When you click on links to various merchants on this site and make a purchase, this can result in this site earning a commission. Affiliate programs and affiliations include, but are not limited to, the eBay Partner Network.
I don't know if this tells anything, but it pings worse when it's warm - both outside temperature and engine temperature. When it's winter it hardly pings at all. Even if it's summer it doesn't start pinging until the engine starts warming up. Does this tell me anything about the cause of the problem at all?
I don't know if this tells anything, but it pings worse when it's warm - both outside temperature and engine temperature. When it's winter it hardly pings at all. Even if it's summer it doesn't start pinging until the engine starts warming up. Does this tell me anything about the cause of the problem at all?
What you describe is to be expected when you have a pinging problem.
Try the water trick to de-carbonize the cyls. Take a pint of clean water, run the engine about 2,000 rpm, pull off any small manifold vacuum line and use it to suck up water for two seconds. Watch the exhaust. If it is carbon, you will see fine particulant matter being blown out the exhaust. If so, put the whole pint of water through it. If it is still blowing lots of dust (not just steam,) out the exhaust, you may have to do it again. Just be sure to feed it through slowly.
I did all the tune up stuff also, along with questioning the knock sensor, timing, etc and have this problem. I also did multiple seafoam baths, similar to the water trick. I just assume carbon build up is increasing compression and I've surrendered to 93 octane gas. I don't have any problems with premium, even running up hill with a load in the summer, and paying a little more for gas is less than risking engine damage from knock.
when i first got my truck (1990 f150, 5L) i did a full tune up. the parts store was all out of normal plugs so i tried platinums. what a mistake that was, i was pinging in 5th down the highway all the time. went back a week later and intalled regular V groove and have never looked back. i don't know why but some types of motors just don't work well with platinum plugs (not just fords)...so check out those plugs.
Mud Bone did it ping before you replaced the plug wires?
I don't remember which firing order a 1992 302 has but if it's 15426378 then check how you have #7 and 8 wires routed. If they are nice and neat and parallel to each other that can cause a ping. The wires can set up an induction crossfire.
The cure is to make sure the wires are as far away from each other as possible and if they have to be close together then cross them.
The wires can set up an induction crossfire.

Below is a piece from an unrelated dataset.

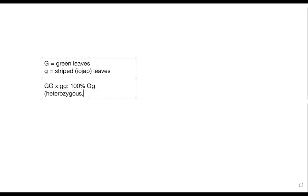Now we cross one F1 plant — genotype Gg — with an IOJAP plant with genotype gg. Let's draw the Punnett square. Up at the top we write the genotype of the first parent, Gg. This parent can pass on either big G or little g, not both. The IOJAP parent can only pass on little g — one little g or the other little g. We put a little g above and a little g below on the left side and draw lines to make a two-by-two Punnett square.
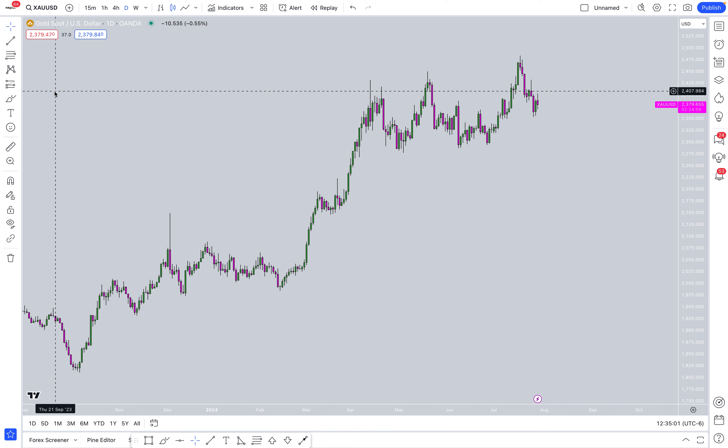Welcome back Forex EFM. Today we're going over a quick analysis, a macro overview of gold and USDJPY.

The cure is to make sure the wires are as far away from each other as possible and if they have to be close together then cross them.
The current through one wire, (any wire, more so at high voltages,) creates a magnetic field around it. As the field expands and contracts through the neighboring wire, it induces a current flow which causes an out of sequence firing of the plug. (That's the principle behind what makes a coil work.)
By routing the wires so that they are not paralell will reduce the induction effect.
Well, it's not pinging anymore. I moved the spark plug wires away from each other and the pinging is gone. Thanks guys so much for your help. But I have another question: aren't the wires supposed to be shielded to prevent crossfiring? Also, if running them parallel to each other is bad, why do they have clips that keep them parallel?
Thanks Again.
I should have explained it a bit better when I first replied.
It's the ones that are physically next to each other and firing next to each other, #7 and 8 in this case, that you have to be careful with. The rest of them can be routed parallel.
Racerguy beat me to it. I used to have a '90 302 that pinged like crazy, even on super unleaded. A guy at McRee Ford in Dickinson, Texas, hipped me to the plug wire thing. I moved them apart right there in their parking lot and it never did it again. The fact that they are next to each other in the firing order causes the crossfire.